On 9/2/11 8:22 AM, Derek Homeier wrote:
I agree it would make a very nice addition, and could complement my pre-allocation option for loadtxt - however there I've also been made aware that this approach breaks streamed input etc., so the buffer.resize(…) methods in accumulator would be the better way to go.
Good point, that would be nice.
For load table this is not quite as straightforward, though, because the type auto-detection, strictly done, requires to scan the entire input, because a column full of int could still produce a float in the last row…
hmmm -- it seems you could jsut as well be building the array as you go, and if you hit a change in the imput, re-set and start again. In my tests, I'm pretty sure that the time spent file io and string parsing swamp the time it takes to allocate memory and set the values. So there is little cost, and for the common use case, it would be faster and cleaner.

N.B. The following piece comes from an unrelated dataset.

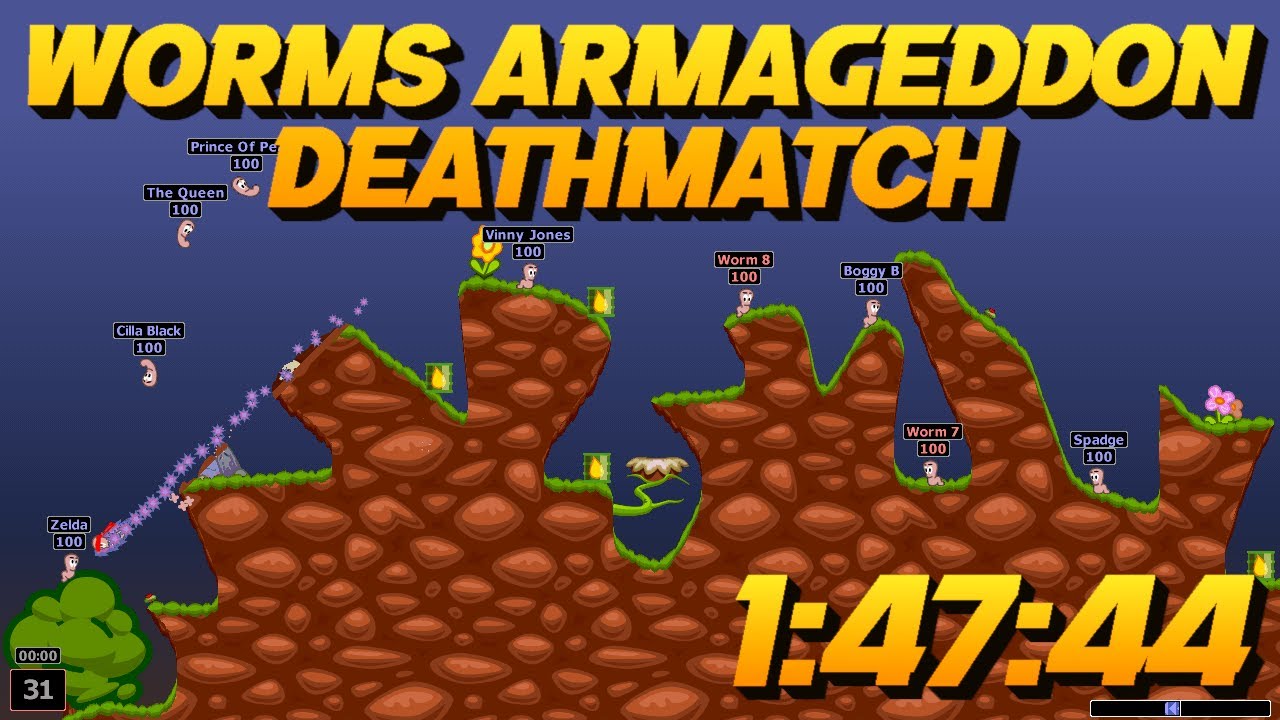 Worms Armageddon - Deathmatch Speedrun in 1:47:44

There is a chance, of course, that you might have to re-wind and start over more than once, but I suspect that that is the rare case.
For better consistency with what people have likely got used to from npyio, I'd recommend some minor changes:
make spaces the default delimiter
+1
enable automatic decompression (given the modularity, could you simply use np.lib._datasource.open() like genfromtxt?)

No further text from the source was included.